With Bill Clinton last night -- like he was with Trump and Michelle Obama -- Colbert has gone oddly toothless

Published October 7, 2015 2:10PM (EDT)

  (CBS)
(CBS)

Stephen Colbert doesn’t quite yet know who he is without the mask. It was apparent the night that he interviewed Donald Trump, and it came up again last night with another politician—former President Bill Clinton, making the rounds on behalf of his wife Hillary, the leading Democratic presidential candidate. Clinton is fantastically calm in the hot seat, and just really, really loves explaining things; a few minutes of Clinton Global Initiative spin went by before Colbert really got to a question. Sitting in “The Late Show”’s nondescript chair, wearing a dark suit, and looking thinner, frailer, and more benign than ever, it was hard to imagine that the former president was at the center of a sex scandal.

It was also hard to imagine that Colbert was an interviewer who delivered segments that went down as legend. The host had a few questions he tried to hit, and he got there, but they were largely softballs; the order of the day was not incision but flattery. Colbert, on “The Colbert Report,” was short on time, pull, and influence; having ascended to “The Late Show,” the host’s drive is a little sidelined by the unrestrained glee of having David Letterman’s old job—and, perhaps, the calm made possible by not having to be in boorish, ultra-conservative character every day of the week.

But where Colbert, the persona, could pose the toughest questions without flinching, Colbert, the person, is having a bit more trouble. To a degree, “The Late Show” is just a different kind of comedy show. But it would be a shame if that translated to a blander Colbert. His instincts as a comedian are to not just interrogate the fun, but join in on it; his character gave him a way to enter the fray of rancorous public debate and contradictory ethical pronouncements. Now that he’s mask-less, it’s a little harder to have fun with the state of American politics, which seem at times to be an ever-widening nightmare.
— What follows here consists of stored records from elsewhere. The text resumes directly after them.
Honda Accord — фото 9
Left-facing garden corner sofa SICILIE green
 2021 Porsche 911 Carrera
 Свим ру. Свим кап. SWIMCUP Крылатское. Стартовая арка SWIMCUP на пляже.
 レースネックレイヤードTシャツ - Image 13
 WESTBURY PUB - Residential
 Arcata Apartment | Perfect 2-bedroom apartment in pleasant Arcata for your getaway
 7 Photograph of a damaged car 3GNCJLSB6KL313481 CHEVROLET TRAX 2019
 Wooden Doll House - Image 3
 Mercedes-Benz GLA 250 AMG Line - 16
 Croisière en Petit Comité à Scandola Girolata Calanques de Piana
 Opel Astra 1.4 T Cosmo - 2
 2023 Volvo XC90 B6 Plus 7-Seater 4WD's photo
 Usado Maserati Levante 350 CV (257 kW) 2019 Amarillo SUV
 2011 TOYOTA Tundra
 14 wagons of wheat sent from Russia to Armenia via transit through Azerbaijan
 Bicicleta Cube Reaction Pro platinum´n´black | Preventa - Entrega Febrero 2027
Nowhere is this more obvious than the Donald Trump campaign. I wrote earlier this month that Colbert’s treatment of Trump was to goad him to further excesses, and then unleash him onto the public; even tonight, the host seemed ecstatic that Trump was running, asking Clinton if he’d convinced Trump to run so as to secure the Oval Office for the Democrats. Clinton called Trump a “master brander,” but denied involvement in the campaign. And that was it; it’s Trevor Noah on “The Daily Show” and Larry Wilmore on “The Nightly Show” who are taking the biggest digs at Trump right now, while arguably one of the best political satirists alive today is hanging out chatting about vaping.

I’d love for Colbert’s optimism in the electoral process to be justified. The host seems truly unconvinced of Trump as a serious contender for the presidency. But last night’s looseness made me wonder who we’d see behind the desk of “The Late Show” if Trump starts winning things; it made me wonder if we could count on Colbert to speak some kind of truth to some kind of power.